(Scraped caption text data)

*** Begin section ***

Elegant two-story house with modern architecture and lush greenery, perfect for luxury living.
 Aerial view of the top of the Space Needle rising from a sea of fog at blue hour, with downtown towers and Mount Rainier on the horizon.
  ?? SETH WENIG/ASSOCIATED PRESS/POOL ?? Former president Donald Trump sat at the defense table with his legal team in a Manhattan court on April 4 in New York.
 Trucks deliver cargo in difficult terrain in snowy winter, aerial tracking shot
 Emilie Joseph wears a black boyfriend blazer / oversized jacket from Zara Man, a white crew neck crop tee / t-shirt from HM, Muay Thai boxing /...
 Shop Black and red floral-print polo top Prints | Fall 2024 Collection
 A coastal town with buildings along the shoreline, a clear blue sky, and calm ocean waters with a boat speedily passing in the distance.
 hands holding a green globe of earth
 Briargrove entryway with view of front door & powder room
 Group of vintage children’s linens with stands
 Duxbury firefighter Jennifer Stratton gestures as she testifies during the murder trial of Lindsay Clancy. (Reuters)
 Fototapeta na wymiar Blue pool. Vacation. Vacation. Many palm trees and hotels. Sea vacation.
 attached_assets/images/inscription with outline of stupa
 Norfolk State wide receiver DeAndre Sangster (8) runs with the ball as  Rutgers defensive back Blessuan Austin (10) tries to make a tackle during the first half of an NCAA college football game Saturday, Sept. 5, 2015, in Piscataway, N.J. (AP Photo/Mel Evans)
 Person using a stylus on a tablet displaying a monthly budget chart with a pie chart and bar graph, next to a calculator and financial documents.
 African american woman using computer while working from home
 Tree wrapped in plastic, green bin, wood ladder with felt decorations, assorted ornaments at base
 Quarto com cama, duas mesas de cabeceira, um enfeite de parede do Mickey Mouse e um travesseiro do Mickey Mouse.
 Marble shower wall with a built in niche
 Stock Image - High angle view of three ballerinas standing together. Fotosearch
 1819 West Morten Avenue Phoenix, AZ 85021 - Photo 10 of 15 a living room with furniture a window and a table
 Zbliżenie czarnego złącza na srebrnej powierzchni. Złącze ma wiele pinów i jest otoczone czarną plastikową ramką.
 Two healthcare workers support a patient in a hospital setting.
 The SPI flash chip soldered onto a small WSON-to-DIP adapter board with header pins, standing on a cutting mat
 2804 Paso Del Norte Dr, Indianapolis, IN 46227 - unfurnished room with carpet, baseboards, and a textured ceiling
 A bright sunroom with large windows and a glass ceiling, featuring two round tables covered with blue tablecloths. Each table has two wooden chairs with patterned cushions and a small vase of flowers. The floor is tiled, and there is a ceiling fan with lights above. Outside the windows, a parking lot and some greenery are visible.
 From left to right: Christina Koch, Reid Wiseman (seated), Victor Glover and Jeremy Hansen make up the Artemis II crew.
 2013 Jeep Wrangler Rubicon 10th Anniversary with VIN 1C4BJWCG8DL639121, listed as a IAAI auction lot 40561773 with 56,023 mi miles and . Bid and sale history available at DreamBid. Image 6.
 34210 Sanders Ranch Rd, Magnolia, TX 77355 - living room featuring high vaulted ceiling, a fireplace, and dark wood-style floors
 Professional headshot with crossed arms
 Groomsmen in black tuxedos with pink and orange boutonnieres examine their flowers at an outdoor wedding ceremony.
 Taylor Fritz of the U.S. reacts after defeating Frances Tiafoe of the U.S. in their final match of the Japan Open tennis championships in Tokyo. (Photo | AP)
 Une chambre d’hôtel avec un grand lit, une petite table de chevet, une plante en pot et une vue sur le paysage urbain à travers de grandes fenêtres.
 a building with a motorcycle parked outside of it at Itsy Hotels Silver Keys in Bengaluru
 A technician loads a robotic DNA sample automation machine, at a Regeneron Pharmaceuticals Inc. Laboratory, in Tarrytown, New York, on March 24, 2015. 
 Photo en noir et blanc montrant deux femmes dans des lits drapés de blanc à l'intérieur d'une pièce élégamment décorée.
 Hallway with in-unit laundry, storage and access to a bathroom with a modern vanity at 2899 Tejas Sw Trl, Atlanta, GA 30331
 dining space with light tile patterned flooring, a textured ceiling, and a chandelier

*** End section ***

**About this exercise**
Working from the entries above, find every line in which the word "during" occurs and copy it.

**Output for this task**
 Duxbury firefighter Jennifer Stratton gestures as she testifies during the murder trial of Lindsay Clancy. (Reuters)
 Norfolk State wide receiver DeAndre Sangster (8) runs with the ball as  Rutgers defensive back Blessuan Austin (10) tries to make a tackle during the first half of an NCAA college football game Saturday, Sept. 5, 2015, in Piscataway, N.J. (AP Photo/Mel Evans)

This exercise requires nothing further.